Jade McDuffie // The Post and Courier

To Ray Green, from Johns Island, the only thing he would worry about if a natural disaster strikes is his life. Everything else is replaceable, he said.

The dark clouds have rolled in, the wind is picking up and the sirens are sounding.

Could you decide in 10 minutes or less what your most valuable possessions are? Most important, is everyone in your family accounted for?

This has been the reality for many people in the South and Midwest who have been the victim of recent violent storms.

Many people have time to save only one possession in a sudden natural disaster: their life.

"I don't put that much value on things, only my life. Life is not replaceable," Johns Island resident Ray Green said.

When asked what possessions they would save, some across the Lowcountry said family and pets are all that matter.

Dennis Price, a contractor from Georgetown, said the first things he would worry about are "my wife and my pet. The rest I don't really care about. I've been down to Katrina and Ike and I've seen a lot of people lose things."

Other Lowcountry residents, like rising second-year MUSC student Lindsey Johnson, said they worry about family being able to find them.

"I would be worried about my cell phone and my camera so I could communicate with everyone," Johnson said.

If you can get to a computer after a disaster, the Red Cross has a place on its website where people can post their whereabouts so family members will not have to worry.

Mary Bos, a five-year Lowcountry Red Cross volunteer, and Barbara Melton, a 13-year volunteer, also have seen firsthand the damage natural disasters can cause. When it comes to possessions, they agree that different people value different things.

People across the Lowcountry said that family photos and heirlooms are next after family and pets.

"The things that were important to them were not so much material things, but things that were irreplaceable," said Melton, a Summerville resident.

Melton is a psychologist and was recently deployed to Tennessee and Mississippi to help flood victims cope with their losses.

She also helped victims of Katrina, and remembers a widower whose most valuable possession at the time was a rock his wife gave him emblazoned with the word "Faith."

She also remembers a woman who recently lost her daughter, an artist, to cancer, and had no time to pack her daughter's paintings.

"To her that was everything," Melton said. "It was like she lost her daughter all over again."

Some people even endanger themselves to save their most valuable possessions.
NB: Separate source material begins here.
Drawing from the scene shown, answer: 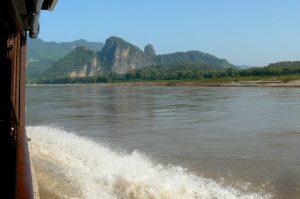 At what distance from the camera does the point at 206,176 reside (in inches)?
417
"People are afraid to leave things behind. They want to take their personal items," said Bos, a North Charleston resident. "Things can be replaced, so don't wait too late before it's time to leave."

Although the area is vulnerable to hurricanes, residents have the benefit of knowing ahead of time when and where the storm may hit. People should use this to their advantage by planning now.
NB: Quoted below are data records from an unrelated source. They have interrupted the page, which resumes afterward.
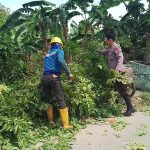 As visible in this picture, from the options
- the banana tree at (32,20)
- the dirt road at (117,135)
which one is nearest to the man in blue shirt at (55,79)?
the dirt road at (117,135)

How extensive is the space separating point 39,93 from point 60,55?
3.15 ft

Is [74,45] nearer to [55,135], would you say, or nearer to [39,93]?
[39,93]

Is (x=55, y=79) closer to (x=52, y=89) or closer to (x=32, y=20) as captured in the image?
(x=52, y=89)

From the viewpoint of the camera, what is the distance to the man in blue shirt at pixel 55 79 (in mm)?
7832

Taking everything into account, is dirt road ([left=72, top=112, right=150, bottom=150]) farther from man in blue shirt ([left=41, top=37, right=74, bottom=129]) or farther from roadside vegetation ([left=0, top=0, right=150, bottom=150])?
man in blue shirt ([left=41, top=37, right=74, bottom=129])

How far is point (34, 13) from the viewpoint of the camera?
10188 millimetres

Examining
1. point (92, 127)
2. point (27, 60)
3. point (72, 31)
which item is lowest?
point (92, 127)

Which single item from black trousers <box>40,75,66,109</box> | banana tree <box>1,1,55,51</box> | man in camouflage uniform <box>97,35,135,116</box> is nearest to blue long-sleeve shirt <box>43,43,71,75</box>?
black trousers <box>40,75,66,109</box>

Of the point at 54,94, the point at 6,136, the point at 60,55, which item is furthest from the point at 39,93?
the point at 6,136

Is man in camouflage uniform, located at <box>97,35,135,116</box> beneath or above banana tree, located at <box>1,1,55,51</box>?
beneath

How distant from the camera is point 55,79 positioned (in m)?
7.98

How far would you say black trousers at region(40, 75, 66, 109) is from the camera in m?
7.90

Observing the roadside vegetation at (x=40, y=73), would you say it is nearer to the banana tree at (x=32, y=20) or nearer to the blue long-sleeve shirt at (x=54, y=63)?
the banana tree at (x=32, y=20)

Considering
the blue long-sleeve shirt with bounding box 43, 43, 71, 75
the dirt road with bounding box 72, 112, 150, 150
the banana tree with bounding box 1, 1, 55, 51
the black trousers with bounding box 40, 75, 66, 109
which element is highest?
the banana tree with bounding box 1, 1, 55, 51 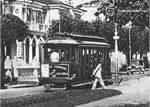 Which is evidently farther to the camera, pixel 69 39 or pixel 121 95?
pixel 69 39

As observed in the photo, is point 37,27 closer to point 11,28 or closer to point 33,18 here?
point 33,18

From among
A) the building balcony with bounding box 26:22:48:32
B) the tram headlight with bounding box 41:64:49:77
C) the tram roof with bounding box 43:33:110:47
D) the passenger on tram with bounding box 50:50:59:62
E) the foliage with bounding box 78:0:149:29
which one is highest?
the foliage with bounding box 78:0:149:29

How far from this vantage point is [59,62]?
23547 millimetres

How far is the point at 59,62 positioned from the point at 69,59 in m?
0.58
Some ways to be prepared for a storm are to keep copies of your most important documents and pictures in a safe. You also could digitize your photos and backup computer files online. In addition to a list of basic survival items, also include sentimental items that you might forget in a hurry.

Other things you could invest in are a weather alarm or a tracking device for your pet.

"If every family would just take 15 minutes with a pencil and paper and play 'what if?' there would be so many people who would be prepared," Bos said.